Autor: Felipe Ribeiro
Fotos: Reportagem Zero Hora/Arquivo Pessoal
Agradecimentos ao site viajandodecarro.com.br onde encontramos
o resumo da reportagem dos jornais Clarín e Zero Hora

================================

Atualização em 26.03.2017

Acabei de rodar 8500 km somente dentro da Argentina, juntamente com mais dois parceiros. Cruzamos duas vezes a Ruta 12 (FOZ>POSADAS>FOZ) e não fomos abordados nenhuma vez sequer pela Polícia Rodoviária. Como relatado acima, “frequento” a região desde 2006 e a mudança mais sensível que notei (e pelo que percebi começou em 2013) foi uma alteração no “perfil” dos policiais naquela região: ao contrário de oficiais mais velhos e com aparência desleixada, o que vemos hoje são jovens – presumivelmente na faixa dos 20/30 anos – inclusive mulheres (o que não ocorria antes). Não posso falar mais nada de concreto sobre esses novos policiais mas, o que se vê quando se olha para eles é um ar sério e de certa austeridade, e não a nítida cara de malandro que se percebia antigamente.

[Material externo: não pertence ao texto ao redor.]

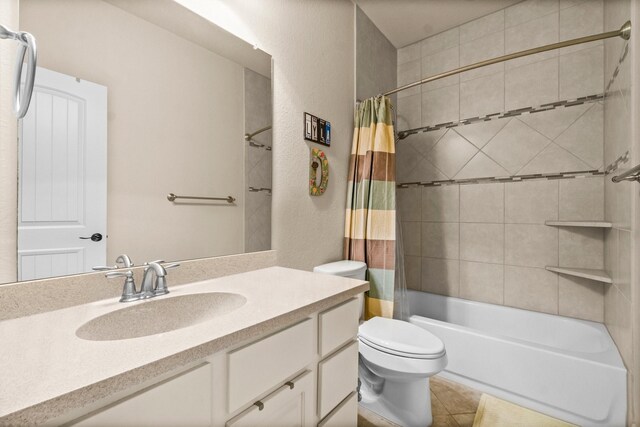 143 Jacks Corner Dr, Montgomery, TX 77316 - bathroom with vanity, shower / tub combo with curtain, toilet, tile patterned flooring, and a textured wall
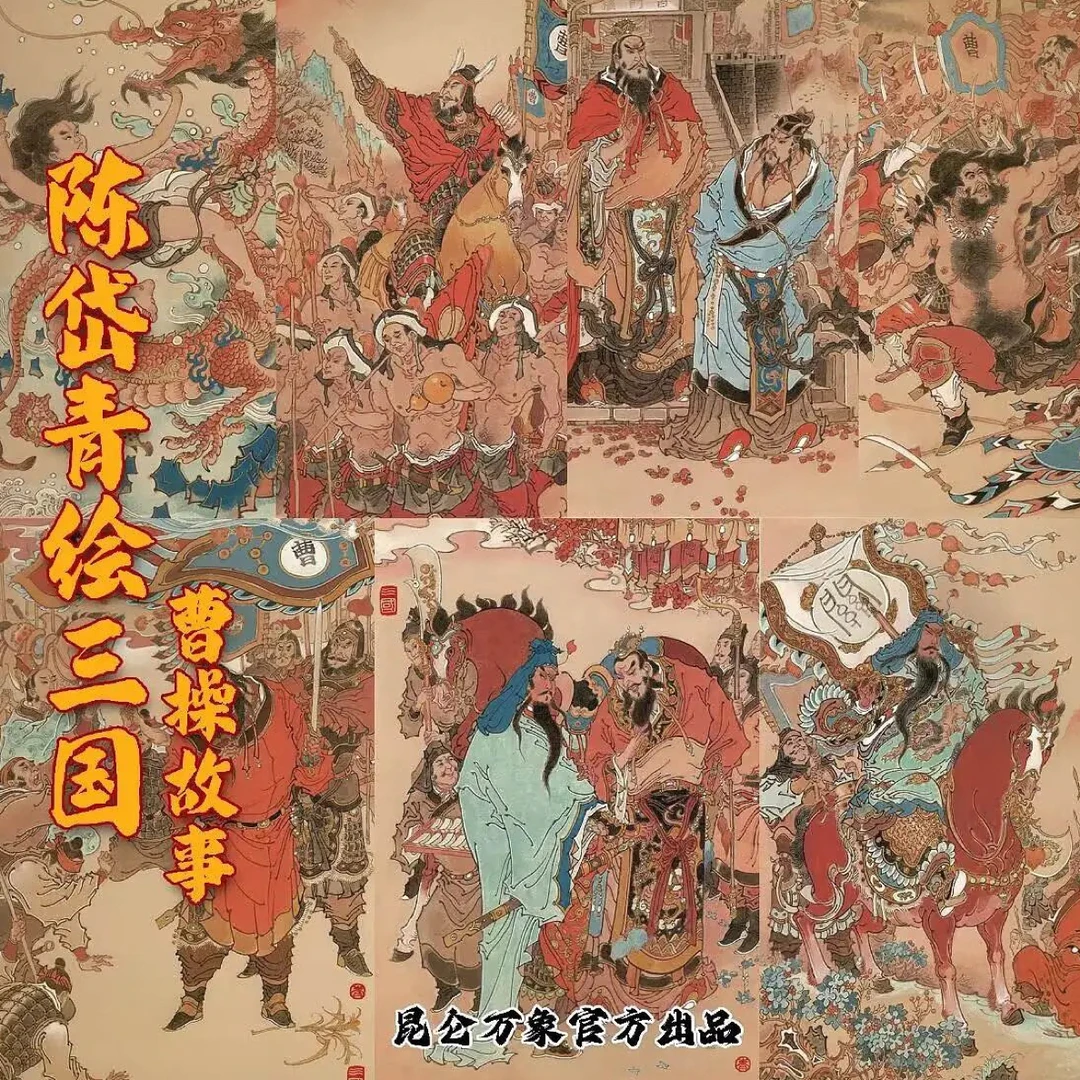 昆仑万象陈岱青老师曹操故事折光粗闪一套12张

Enfim, espero que essa mudança se estenda ao restante das regiões mais polêmicas, como a RUTA 14, que continua ainda com relatos extremamente frequentes de assédio e extorsão. Porém, é muito bom ver que algo está acontecendo de positivo nesse sentido, a Argentina é lindíssima e esse tipo de ocorrência acaba inibindo os motociclistas iniciantes de visitarem esse país.

 Felipe Ribeiro

Atualização em 01.04.2019

Passando para informar que tudo continua tranquilo, dessa vez fui até Ushuaia novamente e voltei, sem nenhum fato novo.